In the dissociation of `2HI hArr H_(2)+I_(2)`, the degree of dissociation will be affected by

To solve the problem regarding the dissociation of \(2HI \rightleftharpoons H_2 + I_2\) and how the degree of dissociation (\(\alpha\)) is affected, we can follow these steps: ### Step-by-Step Solution 1. **Understanding the Reaction**: The reaction given is: \[ 2HI \rightleftharpoons H_2 + I_2 \] This means that 2 moles of hydrogen iodide (HI) dissociate to form 1 mole of hydrogen gas (H2) and 1 mole of iodine gas (I2). 2. **Setting Up Initial Concentrations**: Let’s assume we start with \(C\) moles of HI. At the beginning (time \(t=0\)): - Concentration of HI = \(C\) - Concentration of H2 = 0 - Concentration of I2 = 0 3. **Change in Concentrations at Equilibrium**: If \(\alpha\) is the degree of dissociation, then at equilibrium: - Concentration of HI = \(C - C\alpha = C(1 - \alpha)\) - Concentration of H2 = \(\frac{C\alpha}{2}\) (since 2 moles of HI produce 1 mole of H2) - Concentration of I2 = \(\frac{C\alpha}{2}\) (similarly for I2) 4. **Equilibrium Constant Expression**: The equilibrium constant \(K_c\) for the reaction can be expressed as: \[ K_c = \frac{[H_2][I_2]}{[HI]^2} \] Substituting the equilibrium concentrations: \[ K_c = \frac{\left(\frac{C\alpha}{2}\right)\left(\frac{C\alpha}{2}\right)}{(C(1 - \alpha))^2} \] Simplifying this gives: \[ K_c = \frac{\frac{C^2\alpha^2}{4}}{C^2(1 - \alpha)^2} = \frac{\alpha^2}{4(1 - \alpha)^2} \] 5. **Factors Affecting Degree of Dissociation**: From the expression derived, we can see that \(\alpha\) depends on \(K_c\).
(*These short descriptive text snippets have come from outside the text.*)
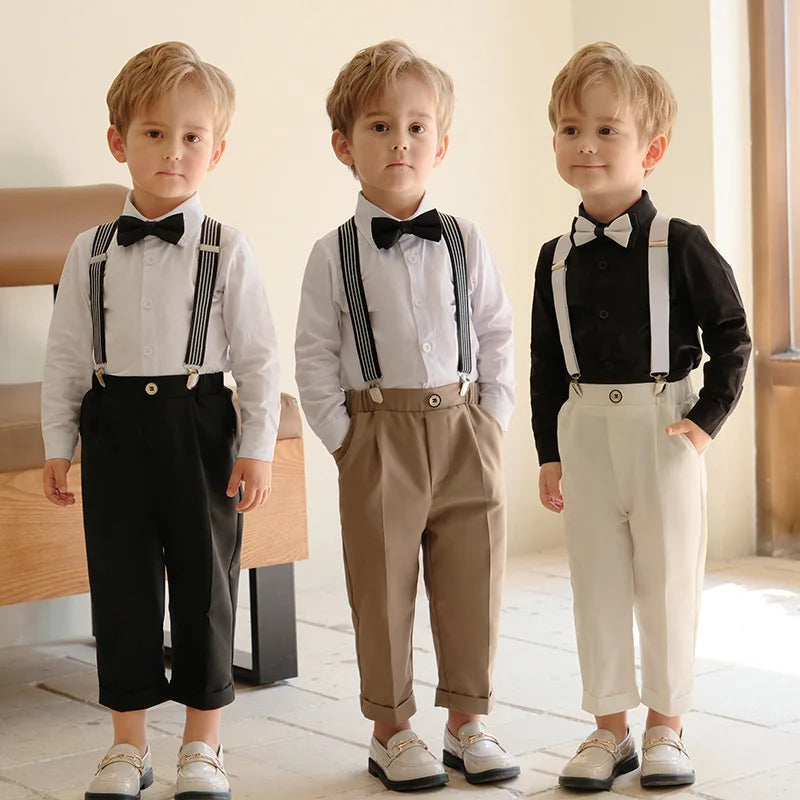 4 Pieces/set Boys Formal Elegant British Style Strap Shirts Outfits Set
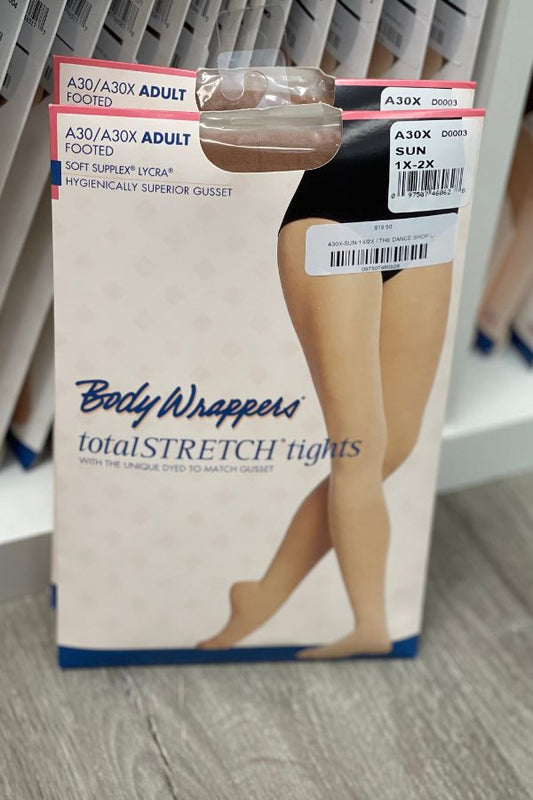 Body Wrappers Plus Size Footed Dance Tights in Suntan Style A30X at The Dance Shop Long Island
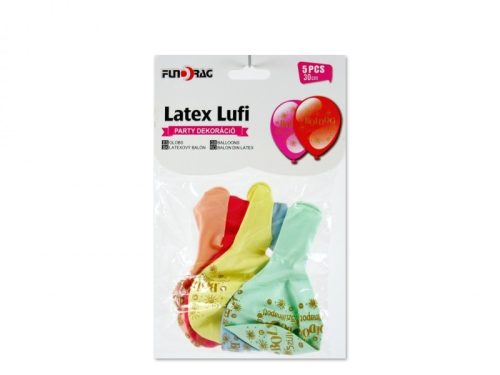 Latex lufi BSZ 30 cm 5db/csomag vegyes színek arany felirattal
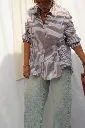 Chemise rayée à nouer - Taupe — vue 6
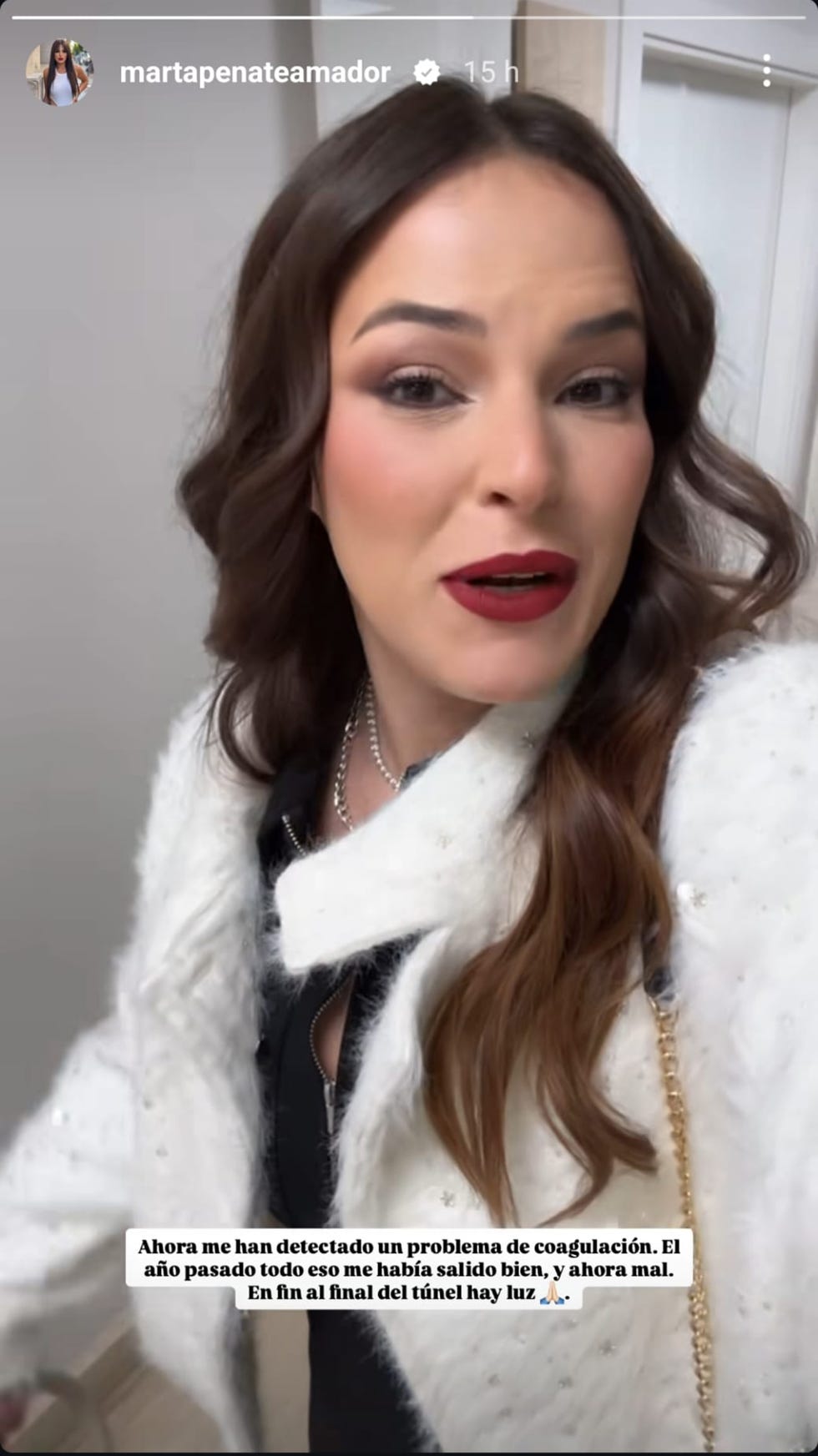 marta penate cuenta en su cuenta de instagram el problema de coagulacion en la sangre que le han detectado y que le complica su proceso de embarazo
The equilibrium constant \(K_c\) is affected by temperature. Therefore, the degree of dissociation will be affected by: - **Temperature**: As temperature increases, \(K_c\) changes, which in turn affects \(\alpha\). 6. **Conclusion**: The degree of dissociation (\(\alpha\)) in the reaction \(2HI \rightleftharpoons H_2 + I_2\) is primarily affected by temperature.